Earth Is Surrounded by a 1000 Light Year Wide Bubble Carved Out by Supernovas

The cosmic void is surrounded by multiple star-forming regions created by the explosions. Earth is slap bang in the middle of a 1,000 light-year-wide bubble with a dense surface birthing thousands of baby stars. 

Researchers have long wondered what created this "superbubble." Now, a new study suggests that at least 15 powerful star explosions inflated this cosmic bubble. 

Astronomers in the 1970s first discovered the gigantic void, known as the Local Bubble, after realizing that no stars had formed inside the blob for around 14 million years. The only stars inside the bubble either existed before the bubble emerged or formed outside the void and are now passing through; the sun is one such trespasser. 

This setup had suggested that several supernovas were responsible for this void.

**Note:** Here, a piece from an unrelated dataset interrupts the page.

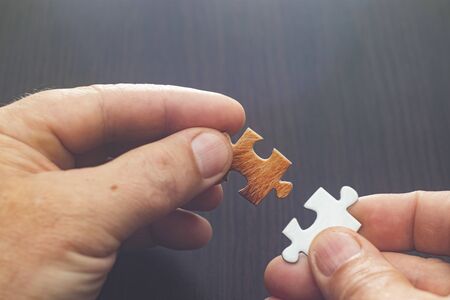 Hard to solve the problem. Collapsible puzzle pieces. Hard to solve the problem. Collapsible puzzle pieces. Puzzle pieces scattered across the table. Hands of a man.の写真素材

Those stellar explosions, the researchers said, would have blasted the materials needed to make new stars, such as hydrogen gas, to the edge of a huge area in space, leaving behind the Local Bubble that's surrounded by a frenzy of star births. 

In a new study, published online Jan. 12 in the journal Nature, researchers accurately mapped the star-forming regions surrounding the Local Bubble and, in doing so, calculated how fast the superbubble is expanding. 

This allowed the team to work out exactly how many supernovas were needed to carve out the gigantic cosmic void and better understand how star-forming regions are created across the Milky Way.